Movie Review: Begin Again (2013)


A musical drama with elements of romance, Begin Again offers enough tender torment to transcend genre conventions.

In New York City, disconsolate Gretta James (Keira Knightley) reluctantly performs one of her songs at an open mic night in a dingy bar. She is spotted by down-on-his-luck ex-record company executive Dan Mulligan (Mark Ruffalo).

In flashback, the events leading up to that night are revealed. Dan is separated from his wife Miriam (Catherine Keener) and losing touch with his teenage daughter Violet (Hailee Steinfeld). Drinking heavily, he is fired by his long time business partner Saul (Yasiin Bey, better known as Mos Def).

Meanwhile, Gretta had arrived in New York from England with her up-and-coming boyfriend Dave Kohl (Adam Levine of Maroon 5 fame), who is riding a wave of success after his music featured in a hit movie.

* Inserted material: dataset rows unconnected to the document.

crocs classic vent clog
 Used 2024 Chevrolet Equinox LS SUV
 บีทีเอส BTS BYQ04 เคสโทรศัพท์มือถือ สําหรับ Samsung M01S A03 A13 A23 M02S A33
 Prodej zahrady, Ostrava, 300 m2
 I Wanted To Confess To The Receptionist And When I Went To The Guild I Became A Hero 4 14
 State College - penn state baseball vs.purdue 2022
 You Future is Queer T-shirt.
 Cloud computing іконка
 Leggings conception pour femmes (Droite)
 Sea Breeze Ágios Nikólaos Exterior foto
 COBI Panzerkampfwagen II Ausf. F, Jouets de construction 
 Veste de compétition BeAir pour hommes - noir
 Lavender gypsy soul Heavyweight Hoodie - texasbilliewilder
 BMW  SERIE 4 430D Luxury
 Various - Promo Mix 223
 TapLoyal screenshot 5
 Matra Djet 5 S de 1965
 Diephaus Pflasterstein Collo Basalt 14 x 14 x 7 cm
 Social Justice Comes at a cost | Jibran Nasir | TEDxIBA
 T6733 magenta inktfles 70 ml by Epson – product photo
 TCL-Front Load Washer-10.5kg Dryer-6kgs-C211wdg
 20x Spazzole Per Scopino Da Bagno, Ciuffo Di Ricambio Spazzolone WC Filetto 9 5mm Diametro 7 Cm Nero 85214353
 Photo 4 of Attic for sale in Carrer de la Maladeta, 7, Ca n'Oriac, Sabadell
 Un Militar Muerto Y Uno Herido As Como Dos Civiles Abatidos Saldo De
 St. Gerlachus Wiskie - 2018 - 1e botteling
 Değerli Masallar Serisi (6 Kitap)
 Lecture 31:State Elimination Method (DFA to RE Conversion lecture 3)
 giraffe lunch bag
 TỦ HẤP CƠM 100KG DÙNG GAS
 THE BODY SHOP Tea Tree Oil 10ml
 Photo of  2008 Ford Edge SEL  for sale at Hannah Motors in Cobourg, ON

Dave is quickly sucked into the celebrity whirlpool and abandons Gretta.

Now Dan promises Gretta he can help her record an album. After Saul turns them away, Dan decides to use the city as a studio, recording Gretta's songs at street level with the urban din as an integral part of the music.

Featuring original music by Gregg Alexander, Begin Again carries enough intelligent freshness to steer clear of most cliches. While the music walks a fine line between genuinely soulful and white-girl-with-a-guitar singer-songwriter banality, most of the songs land on just the right side of evocative. In her first singing role Keira Knightley does enough to convince as a tentative talent, gradually gaining confidence under Dan's tutelage but unsure where she wants her music to take her.

Multiple relationships meld together as Gretta and Dan's lives intersect, and director John Carney, who also wrote the screenplay, deserves credit for keeping personal interactions honest and unpredictable. Gretta is hurt by Dave, Dan and Miriam are surveying the wreckage of their marriage, while Dan and Violet are standing at the edge of a barely functioning father - daughter bond. Professionally Dan's long standing partnership with Saul is in tatters, and Begin Again touches upon the changing fundamentals of the music industry in the digital era.

Lazier scripts would telegraph how all the knots will be untangled, but Carney plays coy throughout, riding the energy of al fresco musical performances in streets, alleyways, subways and roofs to stitch together the various emotional rescues.

Begin Again hums an original tune, only enhanced by the pleasantly intrusive background noise.